* [Task description]:
Copy task. Retype the whole listing exactly, omitting any picture in it.

* [Given information]:
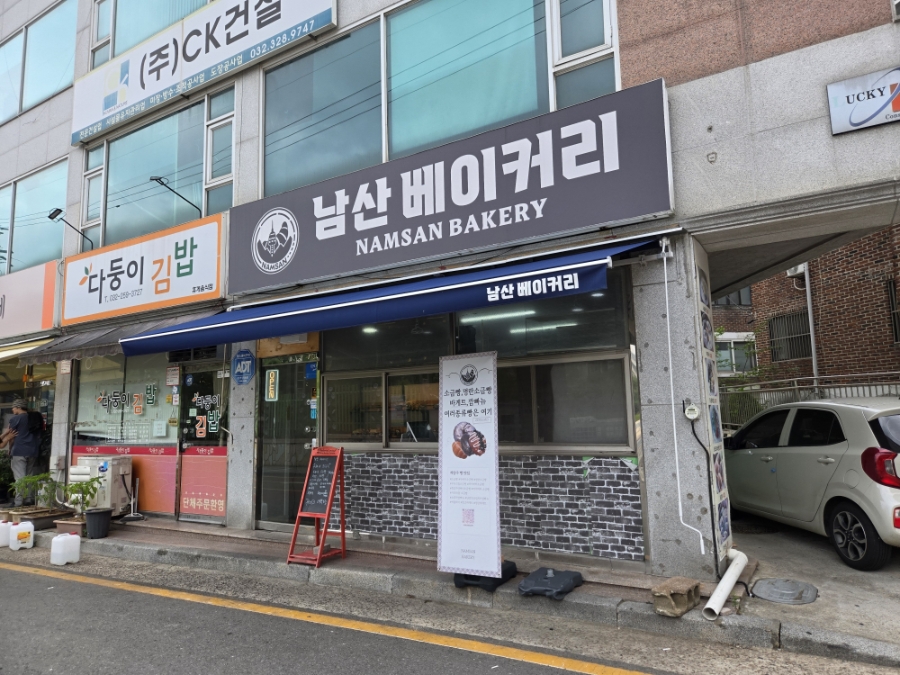 애리 사진 4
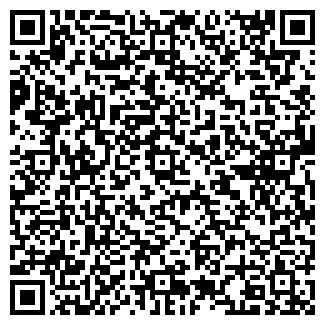 QR-код с контактной информацией организации Хуш-кебаб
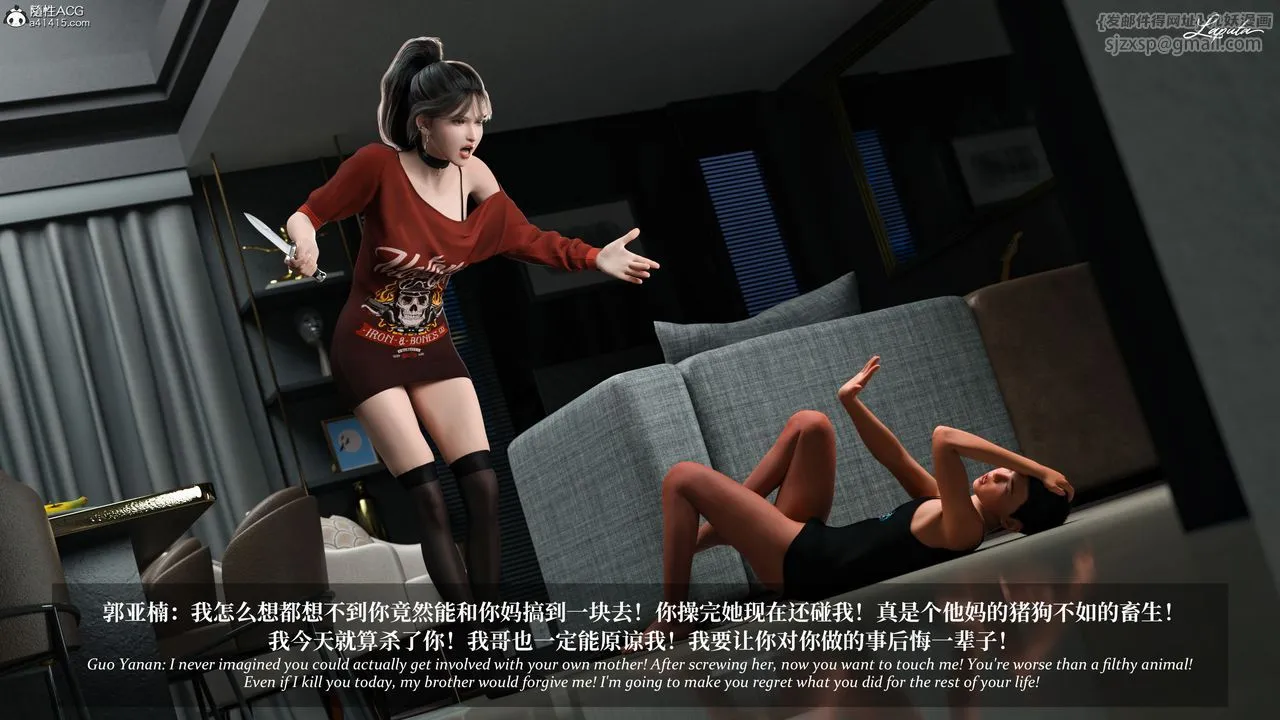 [3D]淫母日记 - 第11話 - page 11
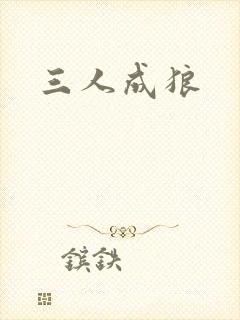 三人成狼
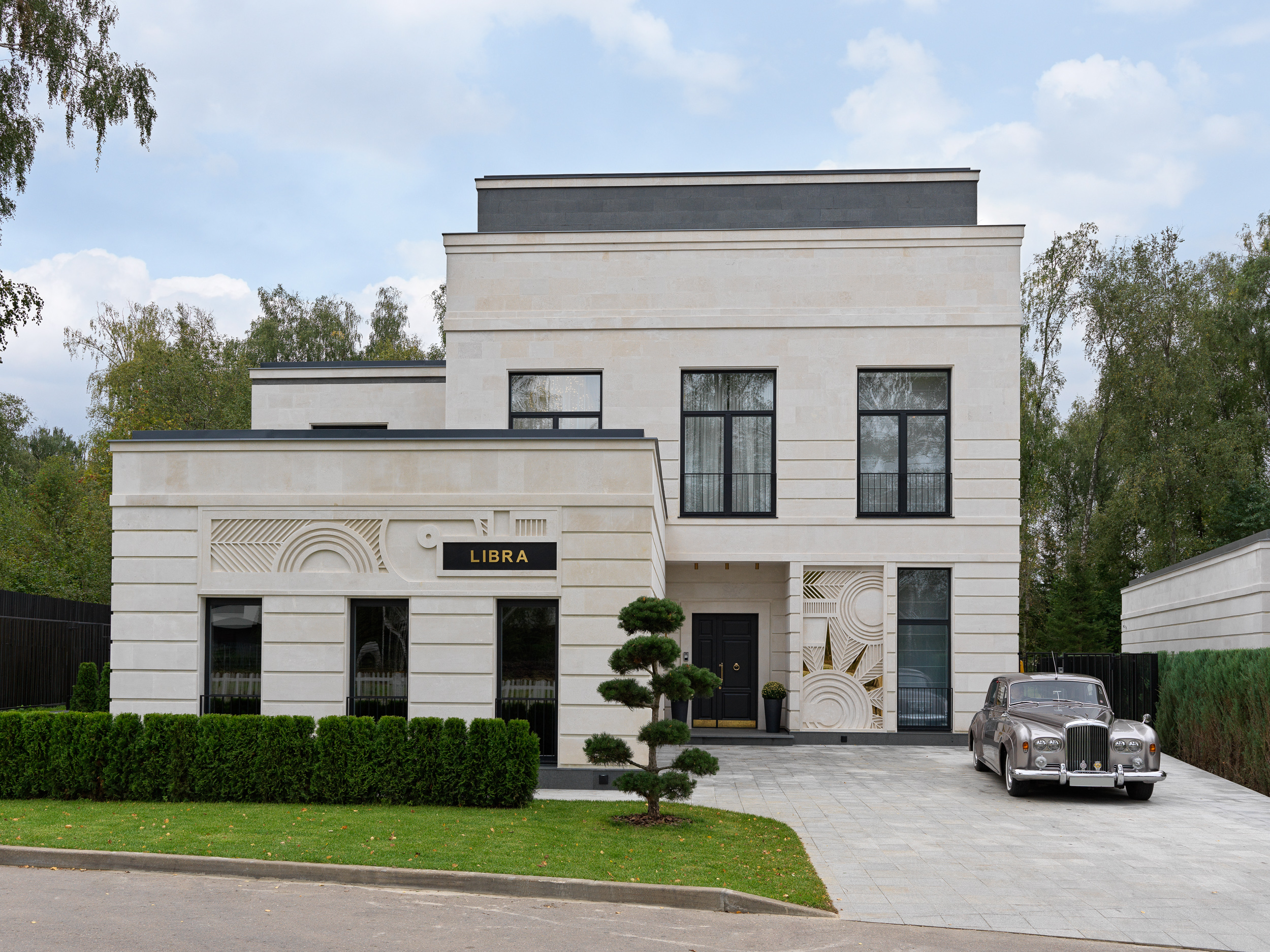 天秤座；磅（重量单位）丨Homyes-10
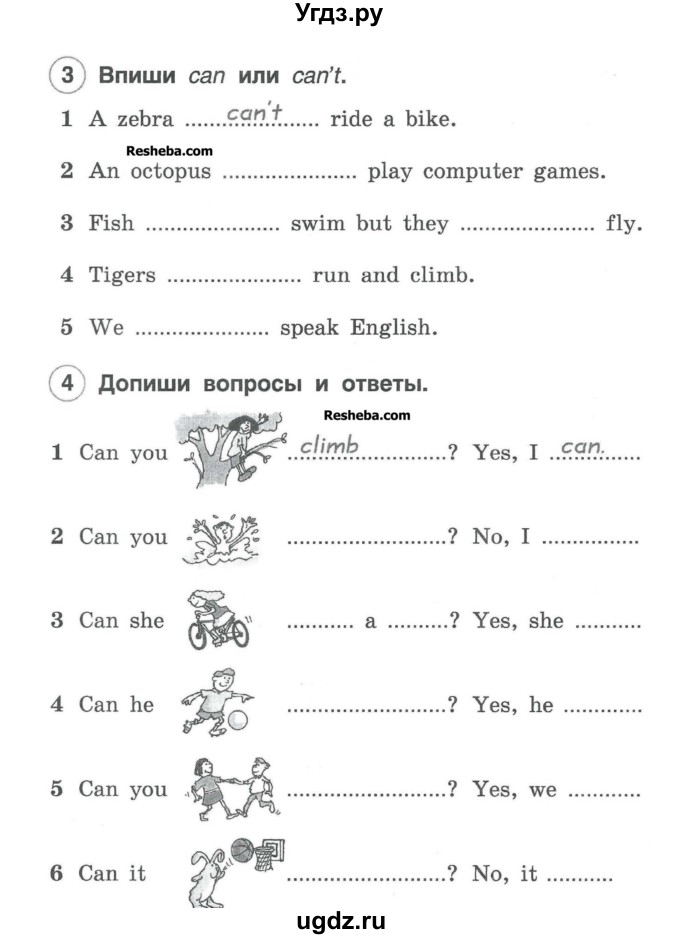 ГДЗ (Учебник) по английскому языку 2 класс (рабочая тетрадь Brilliant) Комарова Ю.А. / страница номер / 73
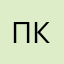 Псевдомин крут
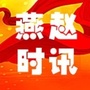 燕赵时讯公众号ico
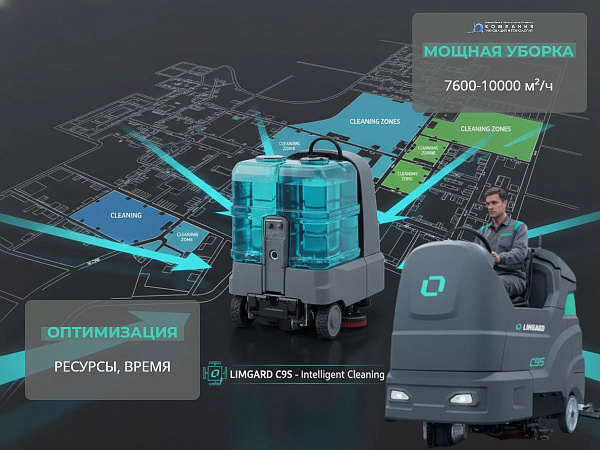 Ширина уборки составляет 1020-1100 мм. Модель демонстрирует выдающиеся показатели производительности - до 8800 м²/ч, что делает ее оптимальным решением для крупных складов, торговых центров и производственных объектов с высокой проходимостью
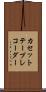 カセット・テープ・レコーダー Scroll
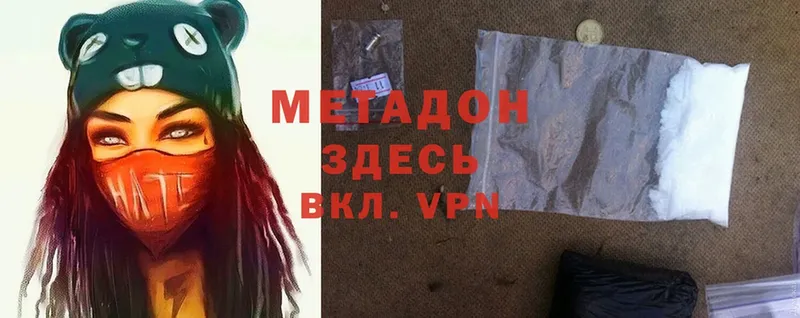 МЕТАДОН methadone  Лесной 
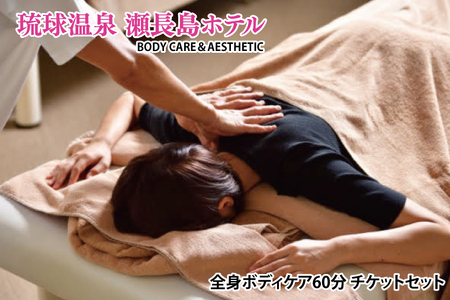 [瀬長島ホテルBODY CARE&AESTHETIC]全身ボディケア60分 チケットセット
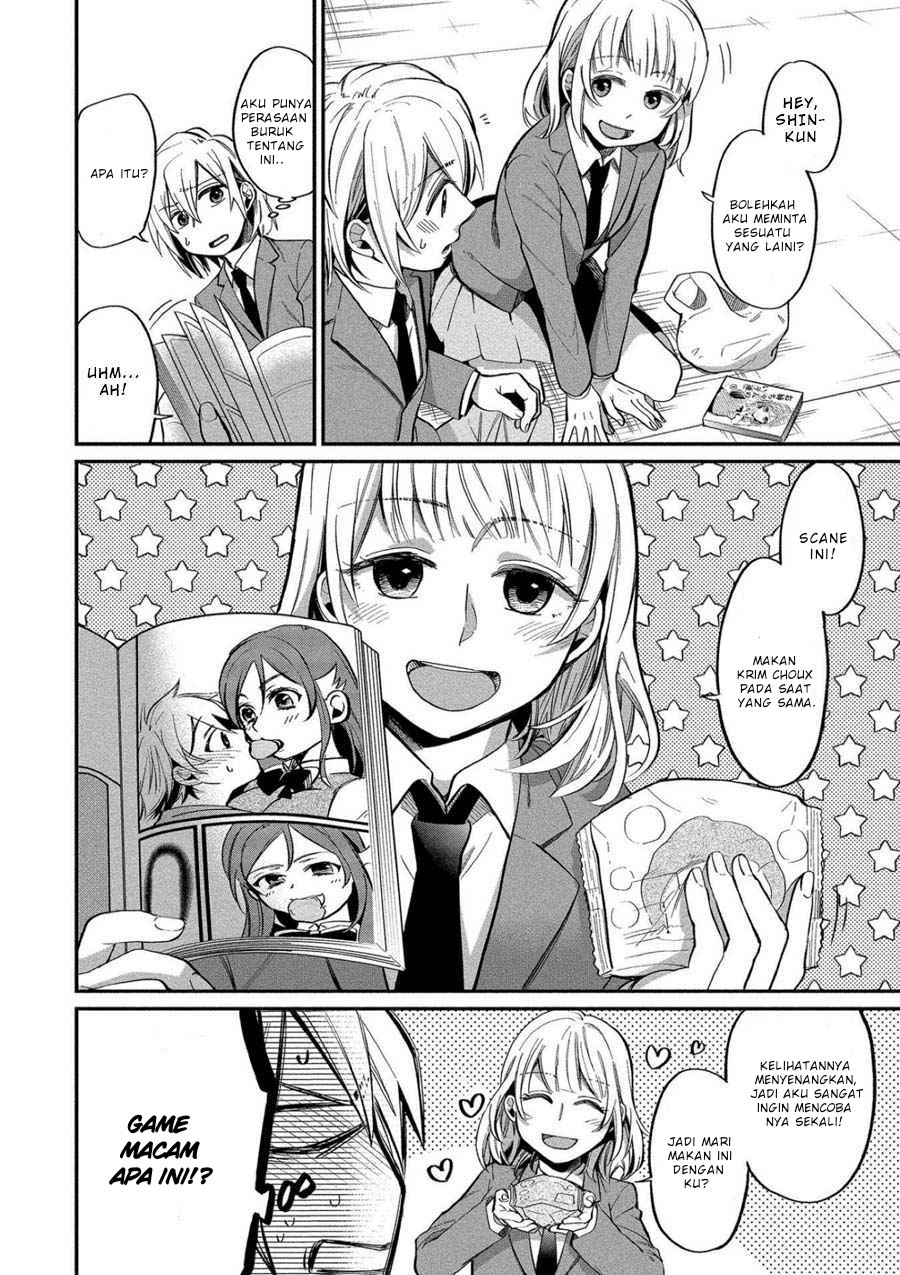 Yuki-neechan no Kannou-gokko. Chapter 6 - halaman 15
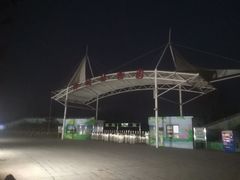 -聊城动物园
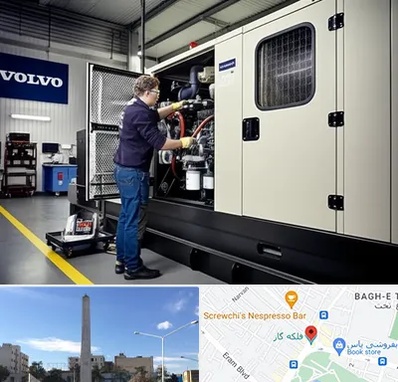 نمایندگی دیزل ژنراتور ولوو در فلکه گاز شیراز 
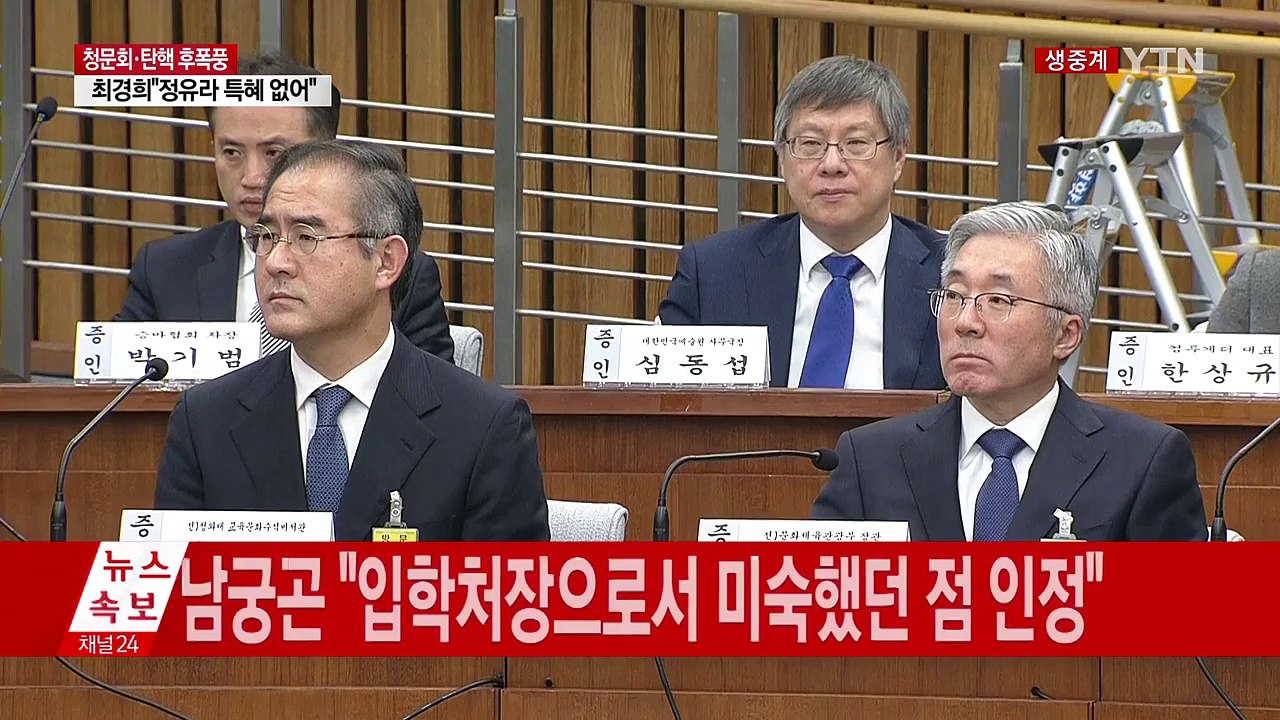 [청문회영상] 윤소하 "최순실 靑서 집무봤단 제보 있어" / YTN (Yes! Top...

* [Written solution]:
 애리 사진 4
 QR-код с контактной информацией организации Хуш-кебаб
 [3D]淫母日记 - 第11話 - page 11
 三人成狼
 天秤座；磅（重量单位）丨Homyes-10
 ГДЗ (Учебник) по английскому языку 2 класс (рабочая тетрадь Brilliant) Комарова Ю.А. / страница номер / 73
 Псевдомин крут
 燕赵时讯公众号ico
 Ширина уборки составляет 1020-1100 мм. Модель демонстрирует выдающиеся показатели производительности - до 8800 м²/ч, что делает ее оптимальным решением для крупных складов, торговых центров и производственных объектов с высокой проходимостью
 カセット・テープ・レコーダー Scroll
 МЕТАДОН methadone  Лесной 
 [瀬長島ホテルBODY CARE&AESTHETIC]全身ボディケア60分 チケットセット
 Yuki-neechan no Kannou-gokko. Chapter 6 - halaman 15
 -聊城动物园
 نمایندگی دیزل ژنراتور ولوو در فلکه گاز شیراز 
 [청문회영상] 윤소하 "최순실 靑서 집무봤단 제보 있어" / YTN (Yes! Top...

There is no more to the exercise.